If your dentist has recommended
root canal therapy in Bloomingdale, you may be wondering why you need it and what the treatment
process involves. Use this guide to understand how root canal treatment works.
The Purpose of Root Canals
When one of your teeth suffers significant decay, it can leave its interior
vulnerable to infection. Left untreated, a decayed tooth becomes a better
hiding spot for food particles and an ideal place for bacteria to live.

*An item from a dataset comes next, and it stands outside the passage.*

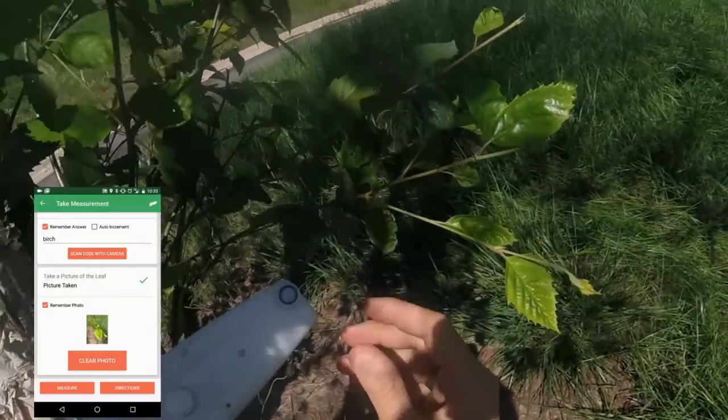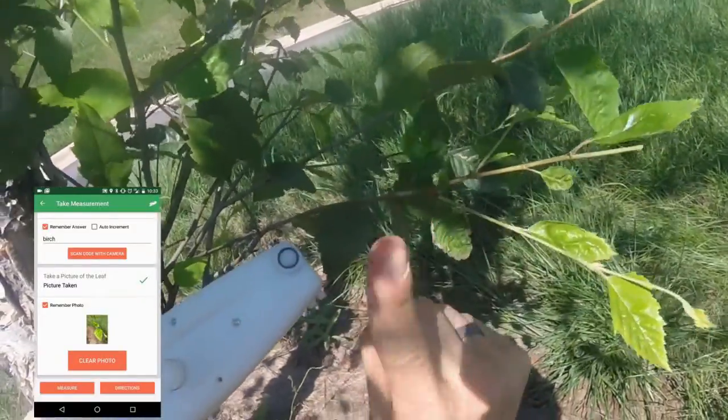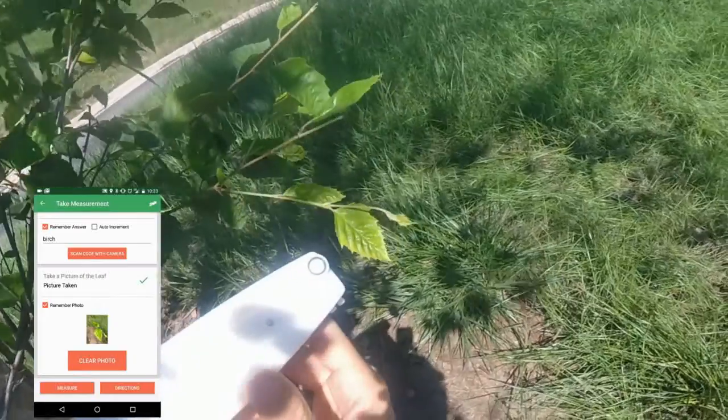2. Don't move or disturb the leaf from its natural position. This also changes the light intensity experienced by the leaf and can affect the photosynthetic response.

Eventually, bacteria can enter the weakened tooth and infect the soft
tissue inside, called the pulp. Once they penetrate your tooth’s
enamel, these bacteria can cause a painful infection that may continue
to spread. Root canals are performed to remove the infected tissues and
save your natural tooth.
The Procedure for Root Canals
The pulp of the tooth contains nerves, connective tissue, and blood vessels
that help your tooth develop while you are still growing. Luckily, fully-developed
teeth can survive without the pulp. Before the procedure, your dentist
will examine the painful tooth. He will probably take X-rays to determine
the extent of the damage, and you will then be given a local anesthetic
to numb the area. To begin the root canal, your dentist will drill a small
hole in your affected tooth that will provide access to the infected pulp.
Next, he will evacuate the pulp along with the bacteria and any dead tissue
that’s inside. Finally, your dentist will clean the tooth’s
interior of any remaining debris before sealing it closed. During a second
visit, he may add a crown or filling to provide additional support.
The Benefits of Root Canals
One of the biggest benefits that patients gain from root canal therapy
is that they save their natural tooth. By keeping your natural teeth,
you can maintain your chewing efficiency as well as natural biting sensation
and force. Saving your tooth prevents additional strain from affecting
your other teeth, and also helps to preserve your overall oral health.